House Passes Controversial War Funding Bill

April 24, 2007

Just one day after the House voted for final passage of the controversial war spending bill, the Senate is poised to pass it as well.

"You cannot conduct a war if you do not have the support of the American people, and the American people clearly want change," said Sen. Bill Nelson, D-Florida.

"I believe this unconstitutionally micromanages the war from the floor of the United States Senate," said Sen. John Ensign, R-Nevada.

But the $124 billion measure won't become law. When the bill arrives at President Bush's desk next week, he's promised to veto it because it includes a timetable for troop withdrawal.

It doesn't look like Democrats can override the veto, so the debate will begin again. Lawmakers know the clock is ticking. They have to pass this funding bill before the military has to start cutting back on programs.

The top U.S. commander on the ground, General David Petraeus, is in Washington to plead the Pentagon's case.

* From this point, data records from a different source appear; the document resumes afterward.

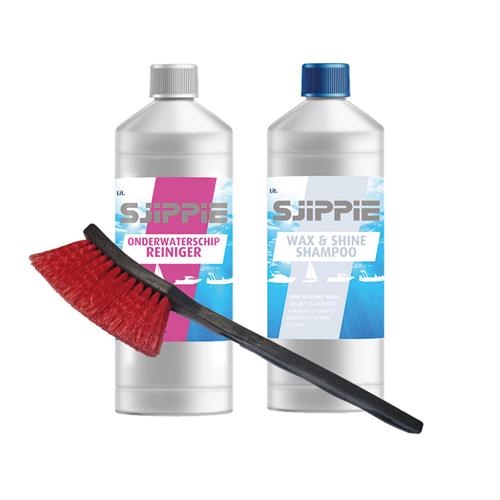 Sjippie pakket onderwaterschip reiniger en wax&shine shampoo met smalborstel
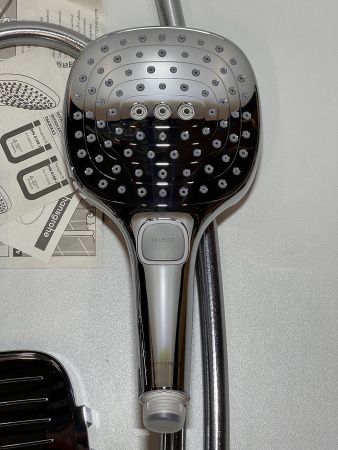 Душевой гарнитур hansgrohe Raindance Select E 120 3 режима, со штангой 65 см и мыльницей 26620000/U, хром, уцененный товар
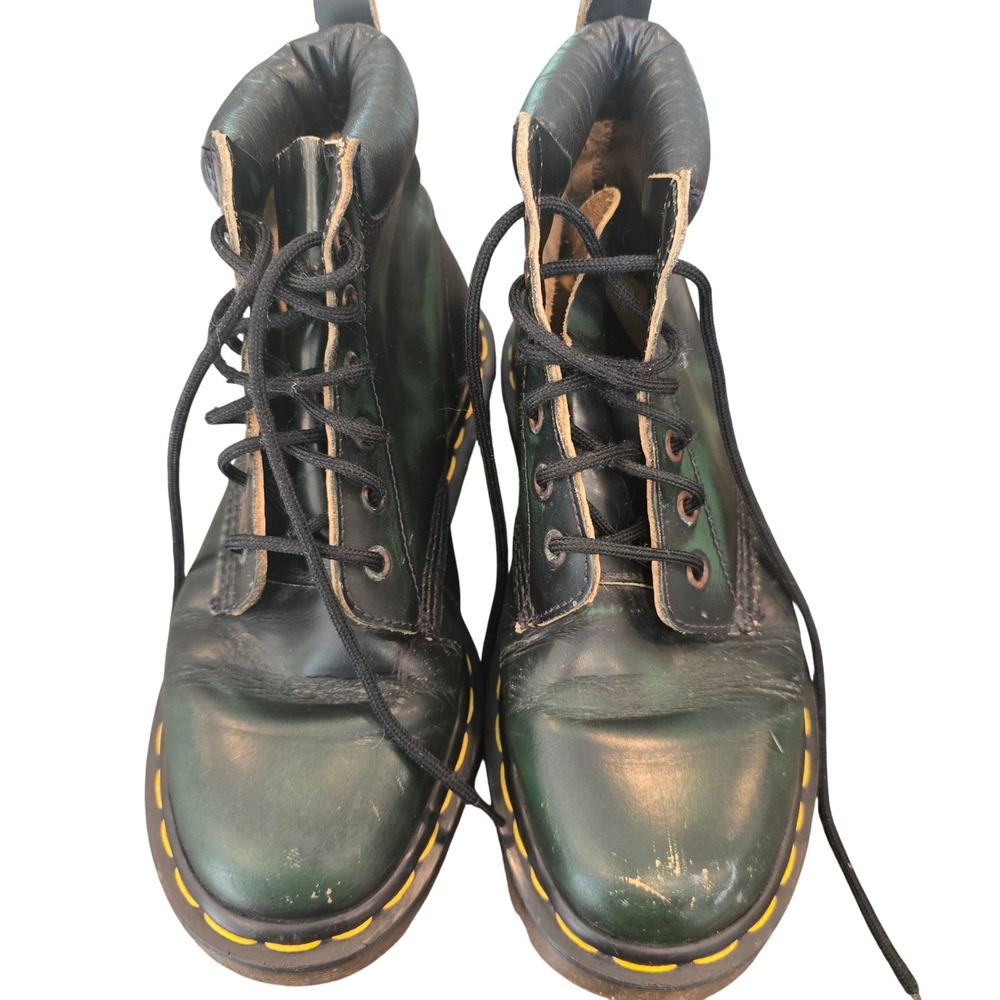 Dr Martens 939 Made in Eng Green Rub Off Leather 6 Eye Padded Ankle Boots 5.5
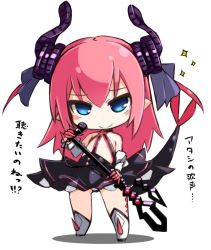 Rule 34 | 10s, 1girl, asymmetrical horns, blue eyes, blush, chibi, detached sleeves, dragon tail, dress, elizabeth bathory (fate), elizabeth bathory (fate/extra ccc), elizabeth bathory (first ascension) (fate), fate/extra, fate/extra ccc, fate/grand order, fate (series), horns, idol, karukan (monjya), long hair, looking at viewer, microphone, pink hair, pointy ears, ribbon, smile, solo, tail, uneven horns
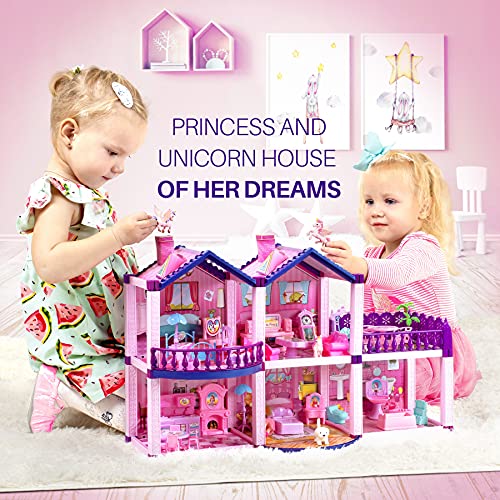 Tomleon Dollhouse W/ Princesses, 4 Unicorns And Dog Dolls - Pink / Purple Dream House Toy For Little Girls - 4 Rooms W/ Garden, Furniture And Accessories - Girls Ages 3 - 6 (2 Princesses) #TOP3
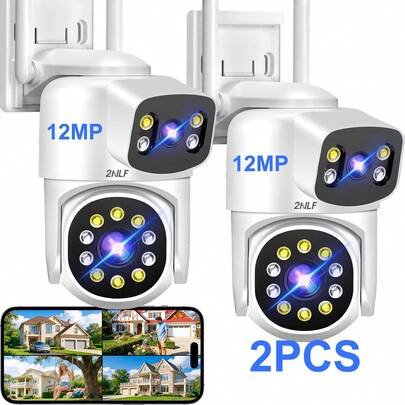 2nlf®12MP  2pcs Cámara Vigilancia WiFi Exterior Blanco Impermeable IP66 Doble Lente Doble Pantalla PTZ 360° Seguimiento Móvil Visión Nocturna Color Alarma Luz Sonido Audio Bidireccional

"The situation in Iraq is, in sum, exceedingly complex and very tough. Success will take continued commitment, perseverance and sacrifice," said Petraeus.

Leading lawmakers from both parties are already drafting new plans including one from Democratic Congressman John Murtha. His proposal funds the war through September. Before that bill expires, Democrats would again try to pass legislation calling for an end to combat.